DATA PROVIDED:
# # # # #

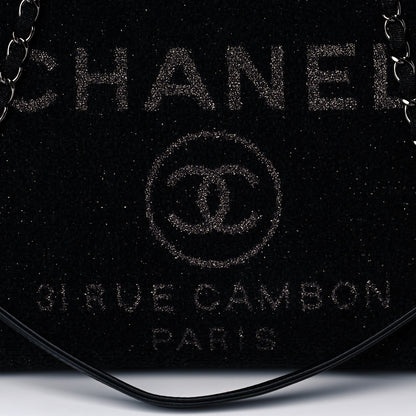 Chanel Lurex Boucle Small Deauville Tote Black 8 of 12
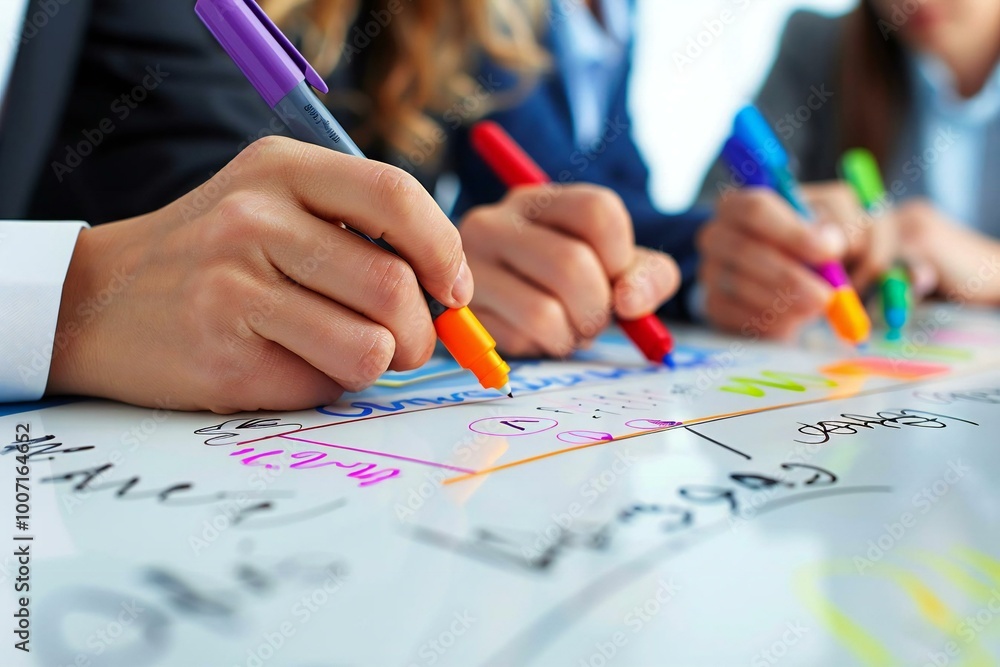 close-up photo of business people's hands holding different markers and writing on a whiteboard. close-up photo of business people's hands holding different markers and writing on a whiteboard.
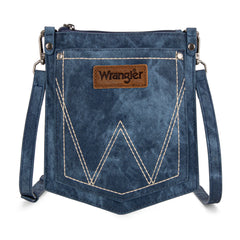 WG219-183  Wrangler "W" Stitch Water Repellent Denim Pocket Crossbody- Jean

# # # # #

WORK INSTRUCTION:
Reproduce the lines of the data that run from the one containing "a whiteboard. close-up" to the final line, both included, exactly as they appear and without the pictures.

TASK OUTPUT:
 close-up photo of business people's hands holding different markers and writing on a whiteboard. close-up photo of business people's hands holding different markers and writing on a whiteboard.
 WG219-183  Wrangler "W" Stitch Water Repellent Denim Pocket Crossbody- Jean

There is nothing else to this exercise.